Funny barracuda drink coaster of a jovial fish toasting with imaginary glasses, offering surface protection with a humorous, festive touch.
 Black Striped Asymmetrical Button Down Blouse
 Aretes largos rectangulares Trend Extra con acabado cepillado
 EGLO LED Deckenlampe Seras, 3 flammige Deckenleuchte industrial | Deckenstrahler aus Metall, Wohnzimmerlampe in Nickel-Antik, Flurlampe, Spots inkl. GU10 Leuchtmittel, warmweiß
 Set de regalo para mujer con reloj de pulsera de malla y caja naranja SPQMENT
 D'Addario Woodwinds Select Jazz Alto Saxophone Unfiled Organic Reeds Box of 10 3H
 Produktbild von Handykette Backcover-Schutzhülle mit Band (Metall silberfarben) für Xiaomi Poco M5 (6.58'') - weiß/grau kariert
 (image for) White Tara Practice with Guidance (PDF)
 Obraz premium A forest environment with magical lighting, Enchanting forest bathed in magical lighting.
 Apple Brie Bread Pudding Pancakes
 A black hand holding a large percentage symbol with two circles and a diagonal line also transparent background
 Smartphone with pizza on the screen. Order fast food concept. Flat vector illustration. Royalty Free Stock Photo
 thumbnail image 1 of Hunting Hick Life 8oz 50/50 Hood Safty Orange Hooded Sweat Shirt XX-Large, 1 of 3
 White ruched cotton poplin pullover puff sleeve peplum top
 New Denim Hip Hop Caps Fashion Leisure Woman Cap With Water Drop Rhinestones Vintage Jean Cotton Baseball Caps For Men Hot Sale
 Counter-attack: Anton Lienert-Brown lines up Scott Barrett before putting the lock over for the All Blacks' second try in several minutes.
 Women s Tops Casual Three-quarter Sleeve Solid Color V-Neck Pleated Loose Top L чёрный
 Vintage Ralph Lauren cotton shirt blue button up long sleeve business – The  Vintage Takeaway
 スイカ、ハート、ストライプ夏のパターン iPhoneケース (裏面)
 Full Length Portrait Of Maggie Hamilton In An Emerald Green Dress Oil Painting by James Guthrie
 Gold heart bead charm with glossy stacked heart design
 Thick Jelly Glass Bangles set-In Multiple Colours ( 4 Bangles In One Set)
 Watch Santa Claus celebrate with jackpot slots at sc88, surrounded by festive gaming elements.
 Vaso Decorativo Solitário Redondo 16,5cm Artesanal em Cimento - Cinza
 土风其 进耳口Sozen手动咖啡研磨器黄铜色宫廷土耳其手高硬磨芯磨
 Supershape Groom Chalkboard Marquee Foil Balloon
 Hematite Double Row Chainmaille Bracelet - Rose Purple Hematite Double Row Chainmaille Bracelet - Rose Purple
━━━
> **ASSIGNED TASK**
The full set of records above must be reproduced exactly in the reply.

> **YOUR RESPONSE**
Funny barracuda drink coaster of a jovial fish toasting with imaginary glasses, offering surface protection with a humorous, festive touch.
 Black Striped Asymmetrical Button Down Blouse
 Aretes largos rectangulares Trend Extra con acabado cepillado
 EGLO LED Deckenlampe Seras, 3 flammige Deckenleuchte industrial | Deckenstrahler aus Metall, Wohnzimmerlampe in Nickel-Antik, Flurlampe, Spots inkl. GU10 Leuchtmittel, warmweiß
 Set de regalo para mujer con reloj de pulsera de malla y caja naranja SPQMENT
 D'Addario Woodwinds Select Jazz Alto Saxophone Unfiled Organic Reeds Box of 10 3H
 Produktbild von Handykette Backcover-Schutzhülle mit Band (Metall silberfarben) für Xiaomi Poco M5 (6.58'') - weiß/grau kariert
 (image for) White Tara Practice with Guidance (PDF)
 Obraz premium A forest environment with magical lighting, Enchanting forest bathed in magical lighting.
 Apple Brie Bread Pudding Pancakes
 A black hand holding a large percentage symbol with two circles and a diagonal line also transparent background
 Smartphone with pizza on the screen. Order fast food concept. Flat vector illustration. Royalty Free Stock Photo
 thumbnail image 1 of Hunting Hick Life 8oz 50/50 Hood Safty Orange Hooded Sweat Shirt XX-Large, 1 of 3
 White ruched cotton poplin pullover puff sleeve peplum top
 New Denim Hip Hop Caps Fashion Leisure Woman Cap With Water Drop Rhinestones Vintage Jean Cotton Baseball Caps For Men Hot Sale
 Counter-attack: Anton Lienert-Brown lines up Scott Barrett before putting the lock over for the All Blacks' second try in several minutes.
 Women s Tops Casual Three-quarter Sleeve Solid Color V-Neck Pleated Loose Top L чёрный
 Vintage Ralph Lauren cotton shirt blue button up long sleeve business – The  Vintage Takeaway
 スイカ、ハート、ストライプ夏のパターン iPhoneケース (裏面)
 Full Length Portrait Of Maggie Hamilton In An Emerald Green Dress Oil Painting by James Guthrie
 Gold heart bead charm with glossy stacked heart design
 Thick Jelly Glass Bangles set-In Multiple Colours ( 4 Bangles In One Set)
 Watch Santa Claus celebrate with jackpot slots at sc88, surrounded by festive gaming elements.
 Vaso Decorativo Solitário Redondo 16,5cm Artesanal em Cimento - Cinza
 土风其 进耳口Sozen手动咖啡研磨器黄铜色宫廷土耳其手高硬磨芯磨
 Supershape Groom Chalkboard Marquee Foil Balloon
 Hematite Double Row Chainmaille Bracelet - Rose Purple Hematite Double Row Chainmaille Bracelet - Rose Purple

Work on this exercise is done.